TRY IT »
Please restate, exactly as they appear, only the lines from the one that contains "Jepet me qera apartamenti 1+1 Astir 4" to the final line of the entries, with no pictures.

---------- STUDY MATERIAL

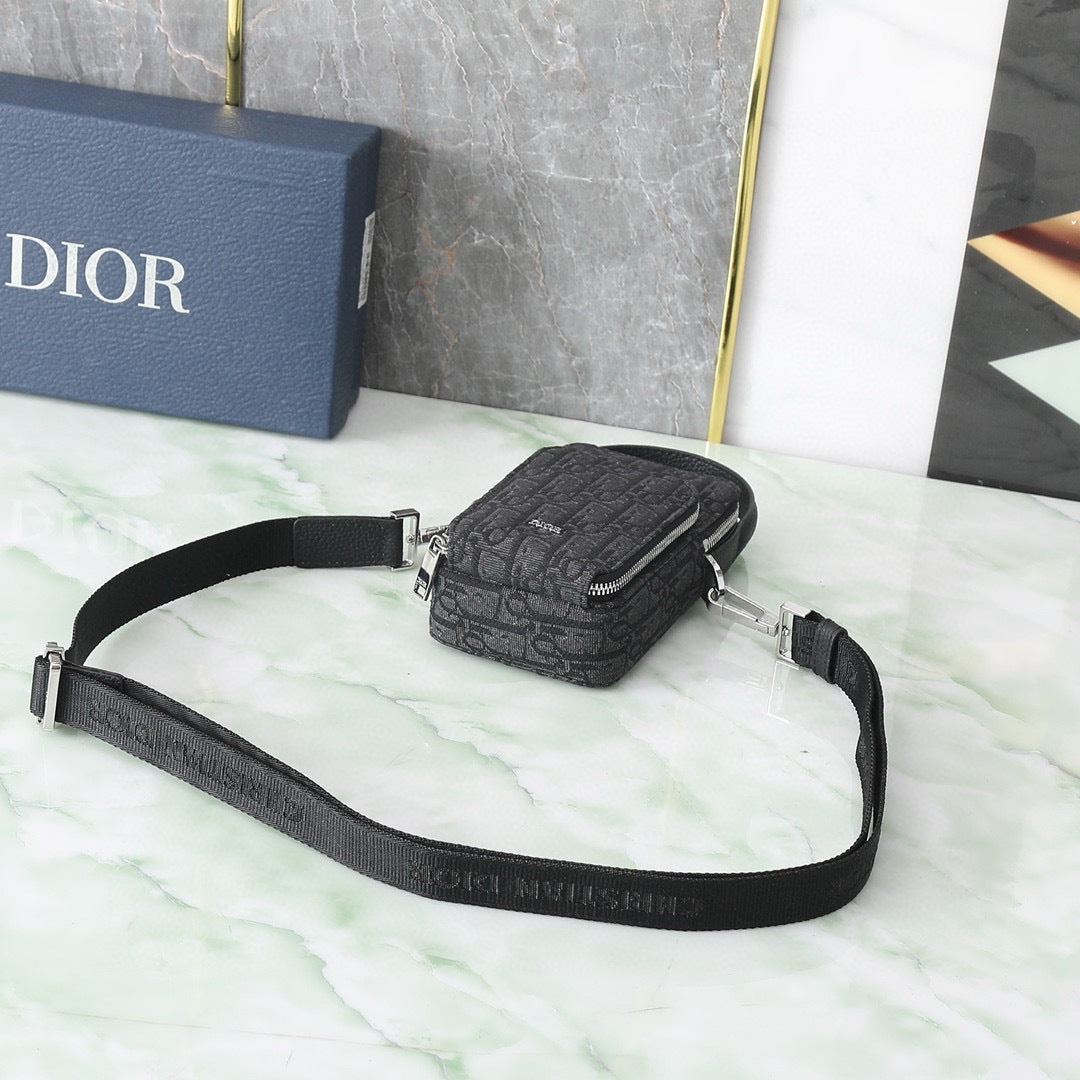 DIOR MESSENGER BAG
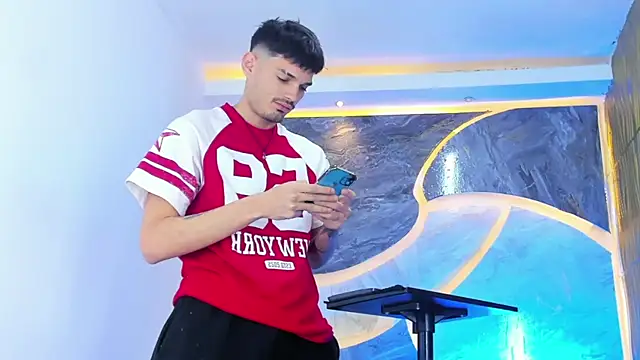 Iam Steven online show from February 2026 12:34:01 PM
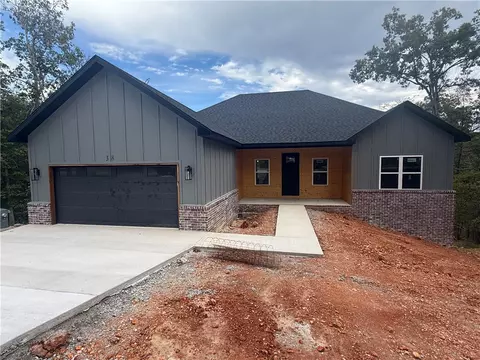38 Munster Dr, Bella Vista, AR 72715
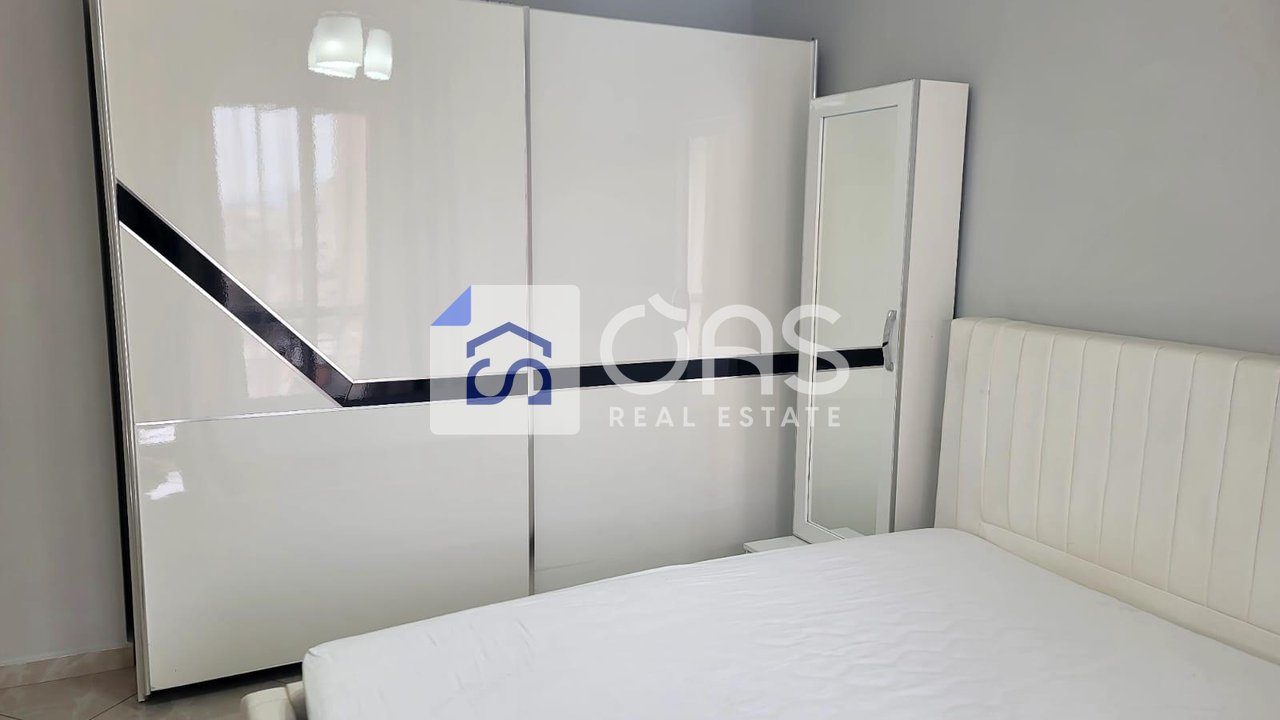Jepet me qera apartamenti 1+1 Astir 4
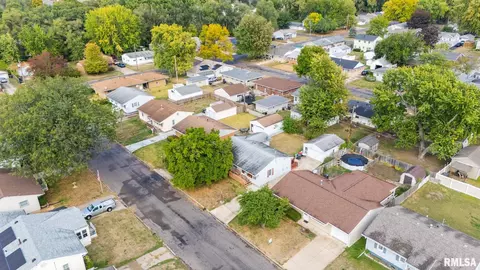 View/Area - 416 Capri St, Pekin, IL 61554 photo 2 of 3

--------------------

ANSWER BELOW »
Jepet me qera apartamenti 1+1 Astir 4
 View/Area - 416 Capri St, Pekin, IL 61554 photo 2 of 3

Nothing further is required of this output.